New light has been shed on a mysterious and long-standing conundrum at the very heart of our galaxy. The new work offers a potential solution to the so-called ‘Galactic bar paradox’, whereby different observations produce contradictory estimates of the motion of the central regions of the Milky Way. The results are published in Monthly Notices of the Royal Astronomical Society.
The majority of spiral galaxies, like our home the Milky Way, host a large bar-like structure of stars in their centre. Knowledge of the exact bar size and rotational speed is crucial for understanding how galaxies form and evolve, as well as how they create similar bars throughout the Universe.
However, our galaxy’s bar size and rotational speed have been strongly contested in the last five years.

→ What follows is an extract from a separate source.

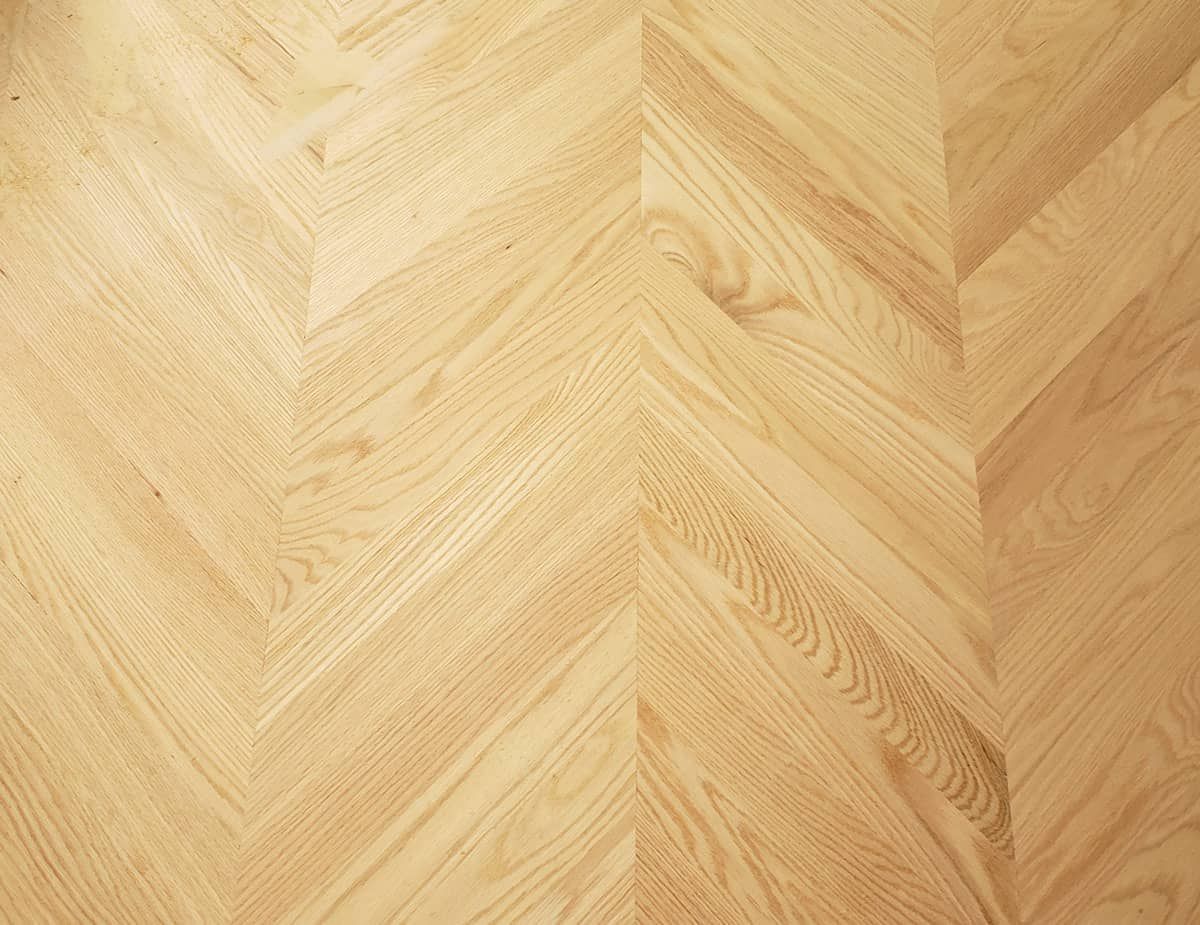 Herringbone pattern wood floor, light tan color.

Studies of the motions of stars near the Sun find a bar that is both fast and small, direct observations of the Galactic Center region agree on one that is significantly slower and larger.
The new study, by an international team of scientists led by Tariq Hilmi, PhD student from the University of Surrey and Ivan Minchev of the Leibniz Institute for Astrophysics Potsdam (AIP), suggests an insightful solution to this discrepancy. Analysing state-of-the-art galaxy formation simulations of the Milky Way, they show that both the bar’s size and its rotational speed fluctuate rapidly in time, causing the bar to appear up to twice as long and rotate 20 per cent faster at certain times.
The bar pulsations result from its regular encounters with the Galactic spiral arms, in what can be described as a “cosmic dance”. As the bar and spiral approach each other, their mutual attraction due to gravity makes the bar slow down and the spiral speed up. Once connected, the two structures move as one, and the bar appears much longer and slower than it is. As the dancers split apart, the bar speeds up while the spiral slows back down.
Tariq Hilmi said: “Our research shows that the controversy surrounding the galactic bar can simply be resolved if we happen to be living at a time when the bar and spiral are connected, giving the illusion of a large and slow bar. However, the motion of the stars near the Sun remains governed by the bar’s true, much smaller nature, and so those observations appear contradictory.”
The bulk of this work was undertaken by Tariq as part of his Surrey Physics undergraduate research placement year at the AIP in Postdam.
Professor Justin Read, Head of Physics at the University of Surrey and a co-author on the study, said: “At Surrey, all of our undergraduate MPhys students go on a unique year-long placement in leading laboratories all over the world. It’s amazing to see how our students grow and develop during their placement to become professional researchers. This is a particularly outstanding example in which Tariq’s placement work has led to a solution to the long-standing Galactic bar paradox.”
Recent observations have confirmed that the inner Milky Way spiral arm is currently connected to the bar, which happens about once every 80 million years according to the simulations. Data from the forthcoming 3rd data release of the Gaia mission will be able to test this model further, and future missions will discover if this happens in other galaxies across the Universe.